Here’s this week’s recap from Canadian Econ:

  • Markit Canada Manufacturing PMI: The PMI fell to 56.2 in April 2022 from an all-time high of 58.9 in March, but still marked a 22nd consecutive month of expansion. Production levels have risen sharply, mainly for producers of consumer goods. New orders saw robust growth in new orders. Backlogs have also increased sharply due to shortages of materials, trucks and skilled workers. Input price inflation has moderated since the peak in March, but businesses remain under pressure due to high cost pressures and uncertainty due to the geopolitical environment. The source:

  • Canadian international merchandise trade: Canada’s merchandise trade increased significantly in March, with both imports and exports reaching record highs. After rising 4.8% in February, imports jumped another 7.7% in March. Meanwhile, exports rose 6.3%, with energy products contributing more than half of the increase. As a result, Canada’s merchandise trade surplus with the world narrowed from $3.1 billion in February to $2.5 billion in March. Imports of energy products posted strong gains in March, up 26.3%, boosted by higher imports of oil and bitumen (+39.9%). Exports of energy products rose 12.8% to a record high of $17.9 billion in March, accounting for 28.2% of total exports. Exports of crude oil (+14.8%) contributed the most to growth in March.
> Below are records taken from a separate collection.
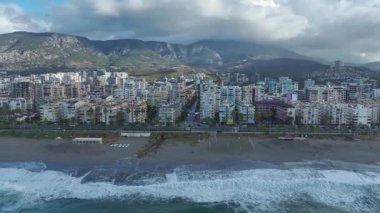 Görkemli dalgalar sahili köpükle çeviriyor..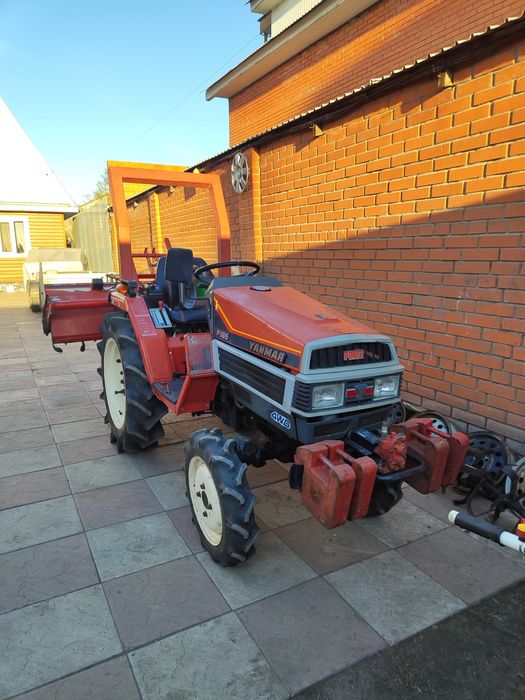 Продам японский минитрактор yanmar f16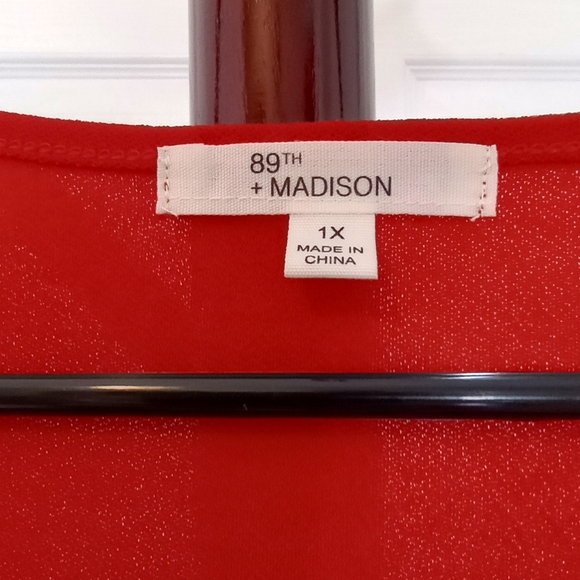 89th & Madison Blouse - Picture 3 of 3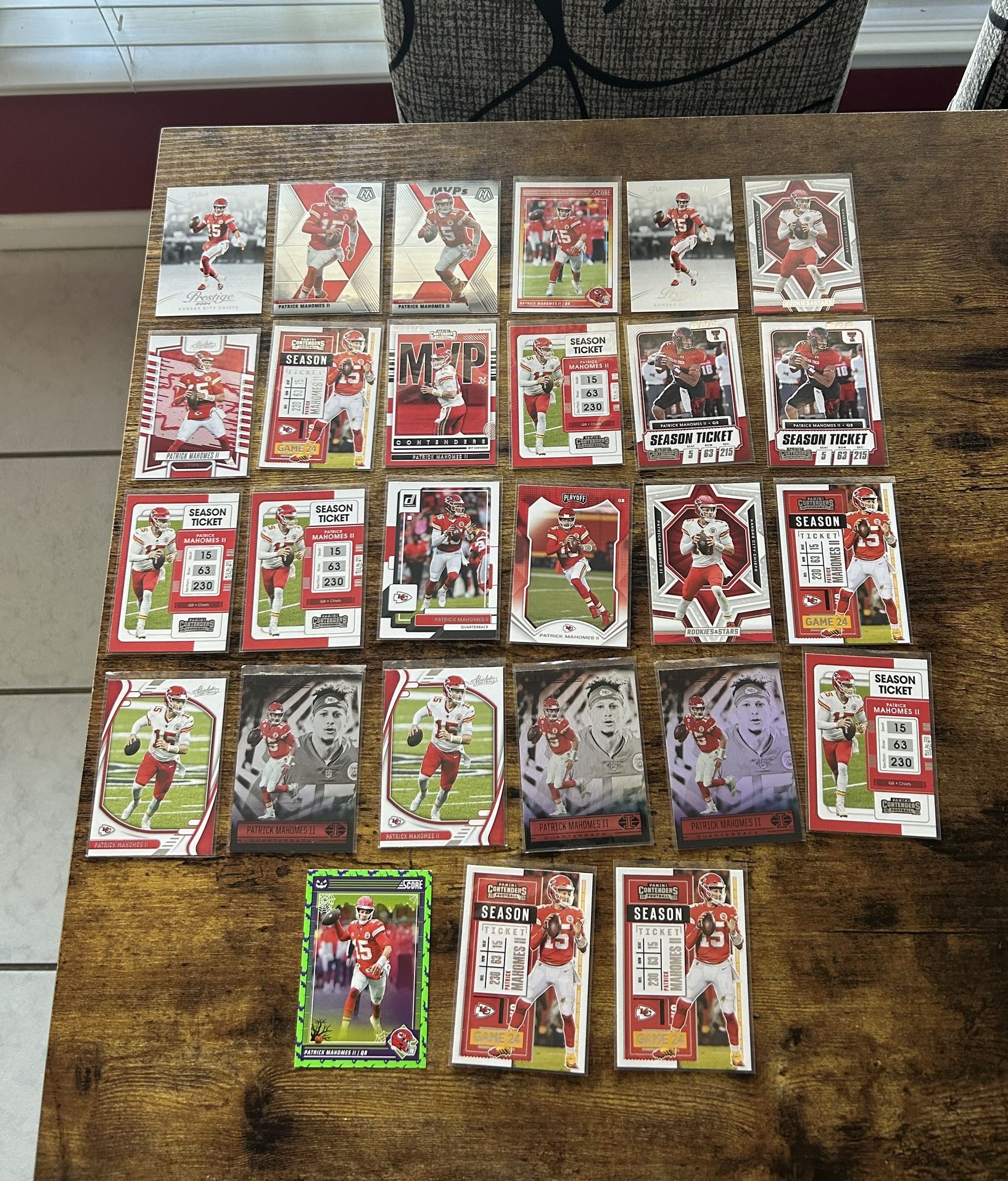 Patrick Mahomes 27 Card Lot CHIEFS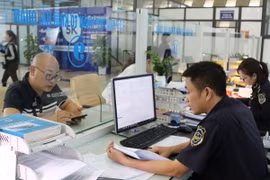 Công chức Hải quan cửa khẩu Hữu Nghị giải quyết thủ tục xuất nhập khẩu cho doanh nghiệp. (Ảnh: Quang Duy/TTXVN)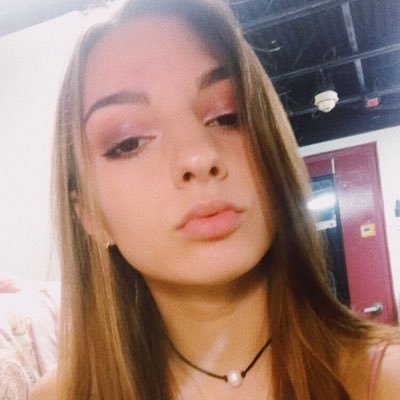 Savannahb233's profile picture. 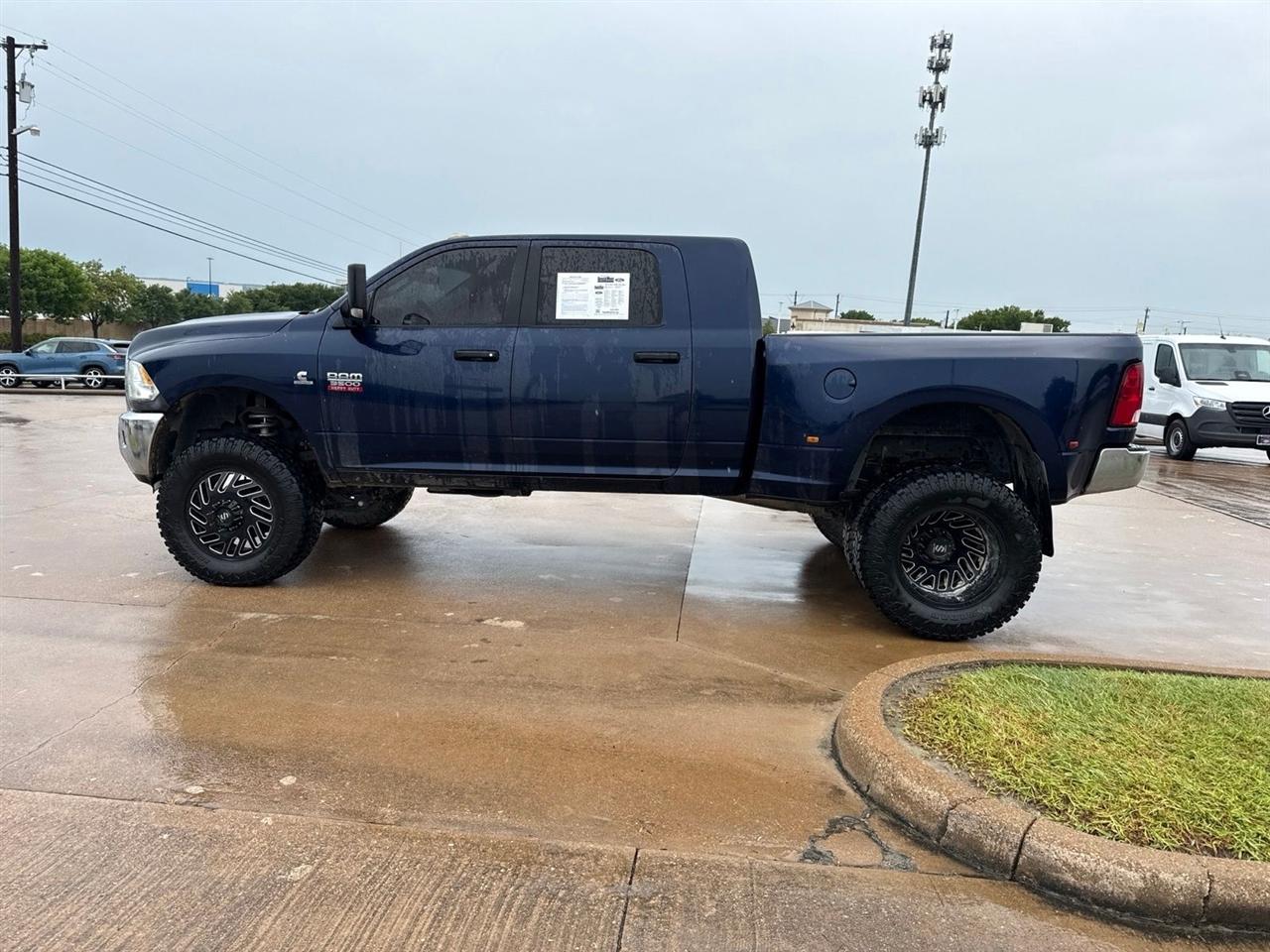 RAM 3500 4WD Mega Cab 160.5" Lone Star 2012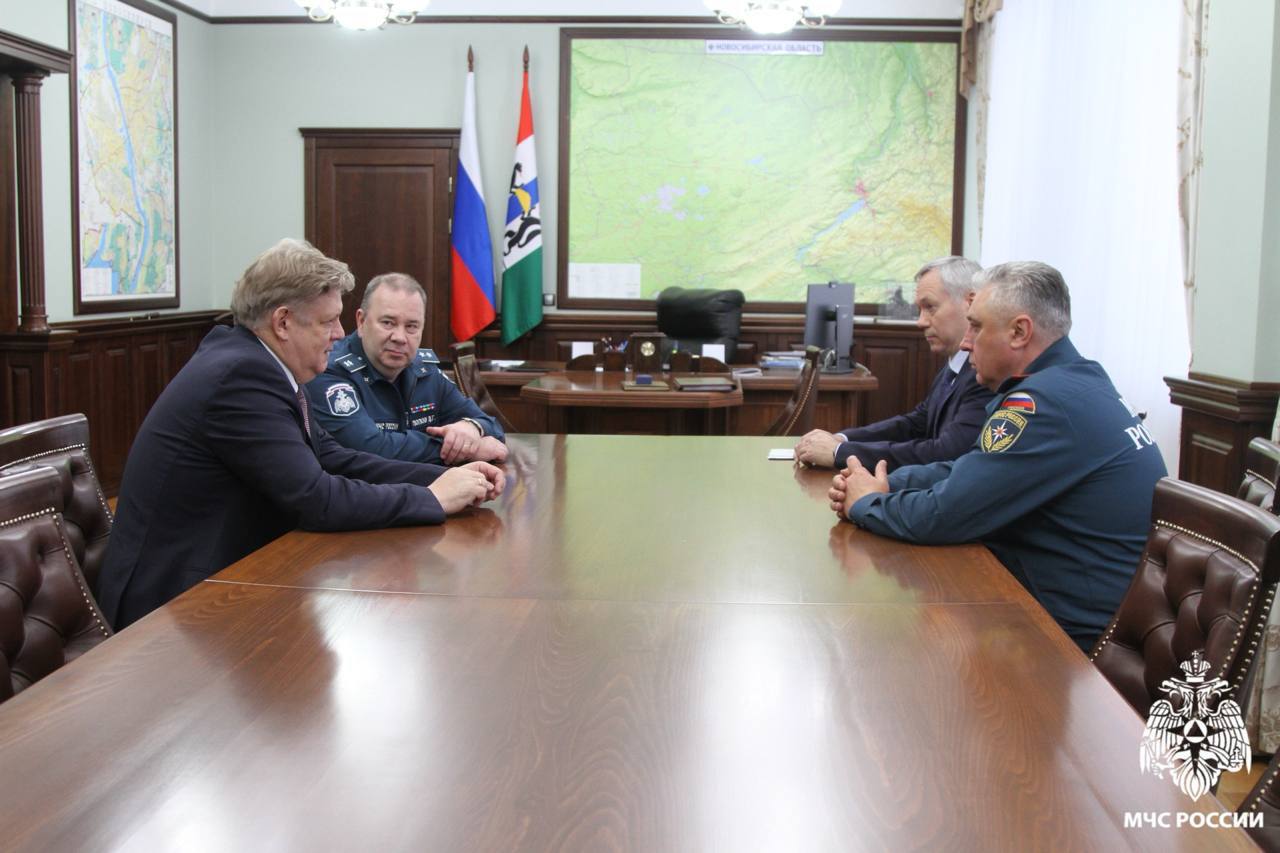 Статс-секретарь - заместитель Министра МЧС России Денис Попов обсудил вопросы безопасности с руководителями Сибирского федерального округа Статс-секретарь - заместитель Министра МЧС России Денис Попов обсудил вопросы безопасности с руководителями Сибирского федерального округа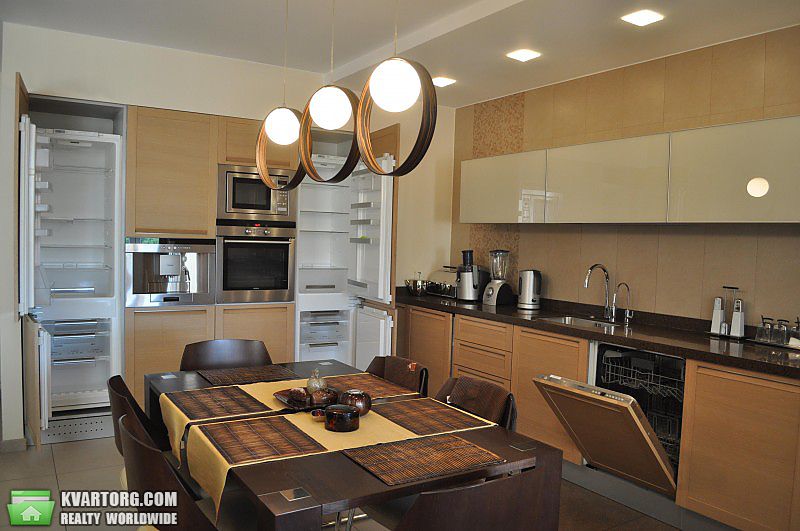 Rent out 3-room apartment. Киев, Черновола — photo 3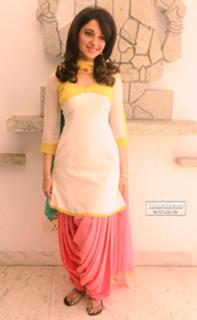 Tamannaah Bhatia feet photo thumbnail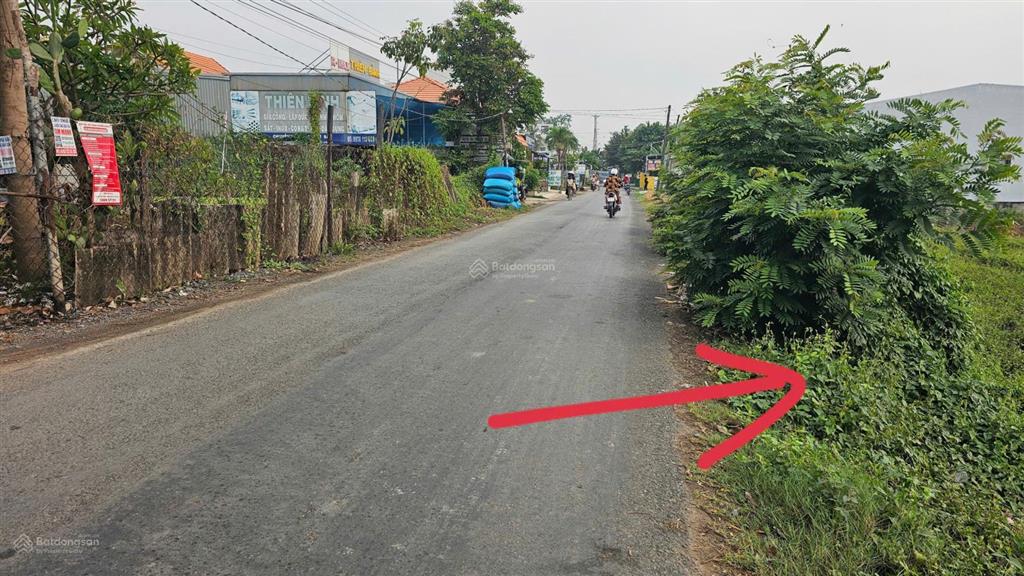 Bán gấp đất mặt tiền dt 818, hàng rào kiên cố, khu dân cư đông, gần cao tốc, sổ sẵn, giá tốt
  • Labor Force Survey: Employment was little changed in April. The employment rate remained unchanged at 61.9%, while the unemployment rate fell 0.1 percentage point to 5.2%. The total number of hours worked fell 1.9% in April. The average hourly wage increased by 3.3% (+$0.99 to $31.06) year over year. By sector, employment increases in professional, scientific and technical services and in public administration were offset by declines in construction and retail trade. On a demographic basis, employment gains among women in the core age group 25 to 54 were offset by a decline among men in the core age group.

  • IVEY Purchasing Managers Index: Canadian economic activity grew at a slower pace in April. On a seasonally adjusted basis, the index fell to 66.3 in April from a record high of 74.2 in March, but was still above the April 2021 figure of 60.6 amid the pandemic. A reading above 50 indicates increased activity, while a reading below 50 represents contraction. On an unadjusted basis, the PMI fell slightly to 68.0 from 68.4.

All currencies unless otherwise specified.